1. In this randomized clinical trial studying patients with prolonged disorder of consciousness (DoC), melatonin increased the level of consciousness in unresponsive wakefulness syndrome (UWS) patients.
Evidence Rating Level: 1 (Excellent)
Prolonged disorder of Consciousness (DoC) is a condition caused by brain injury, consisting of impaired arousal and/or awareness for longer than 4 weeks. Prolonged DoC is further categorized into 2 subsets: unresponsive wakefulness syndrome (UWS), where patients show no signs of awareness, and minimally conscious state (MCS), where patients exhibit minimal signs of awareness. Damage to the brainstem affects patients with DoC ability to sleep impacting recovery, as consistent sleep has been associated with better prognosis in patients with DoC. While some neuromodulation techniques and pharmacological interventions are currently used as treatments, their scopes and effectiveness are limited. Melatonin is a critical hormone involved in sleep regulation, with minimal side effects and dependency. There is a gap in research studying the effects of melatonin alone on individuals with prolonged DoC. To address this, the study used Electroencephalography (EEG), a cortical processing assessment tool, to examine the effects of melatonin on patients with DoC, with additional sleep patterns and behavioural assessments. This randomized, double-blind, parallel-group, placebo-controlled outpatient trial involved 46 participants divided into the melatonin group (n=24) and the placebo group (n=22). Patients with UWS showed better improvement in the melatonin group than in the placebo group (Fgroup*time = 6.86, P = 0.032; Fgroup = 4.03, P = 0.045; Ftime = 13.61, P < 0.001). This improvement was especially notable in visual scores (Fgroup*time = 7.03, P = 0.030; Fgroup = 4.90, P = 0.027). Patients in a UWS state in the melatonin group showed a higher relative spectral density in the alpha band of the frontal lobe compared to those in the placebo group (Ftime-mel = 4.55, P = 0.033). Some limitations of the study were its small sample size affecting generalizability, and lack of dosage variability. Overall, while not applicable to all DoC patients, those in the UWS category saw improved consciousness levels through regular melatonin use.
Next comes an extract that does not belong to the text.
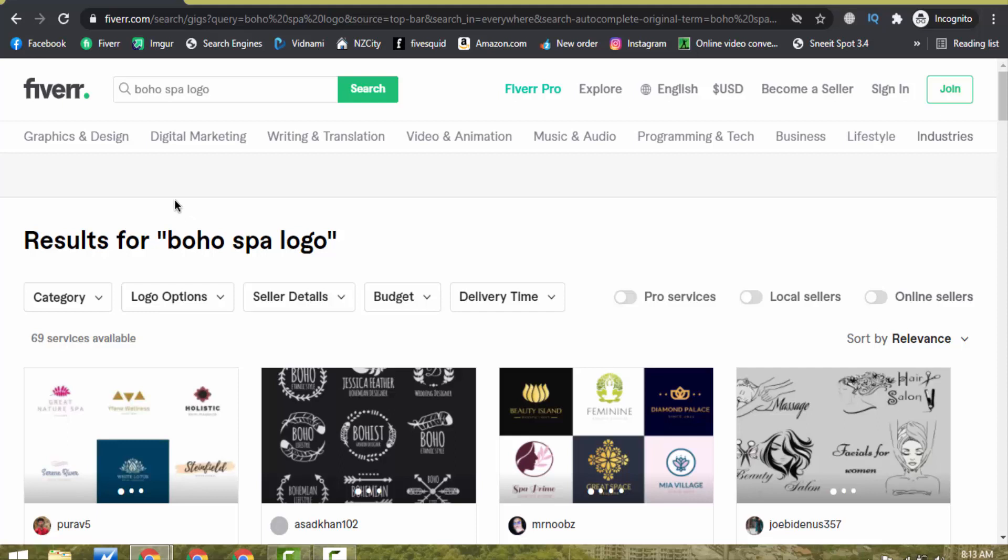You have to find the best keyword from Fiverr and make a gig on that category with the lowest number of services available. Instead of competing with 142,000 services on 'logo design', with only 69 services available we can easily rank our gig on the first page of Fiverr with that keyword.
Assessment of inflammatory biomarkers and incident atrial fibrillation in older adults
1. In a cohort of individuals aged 65 years or older, 5 biomarkers including IL-6, hsCRP, WBC, sTNFR1, and sIL-2R⍺ were significantly associated with an increased risk of developing atrial fibrillation (AF).
2. After adjusting for other inflammatory biomarkers simultaneously, all except one of the observed biomarker associations (IL-6) lost significance.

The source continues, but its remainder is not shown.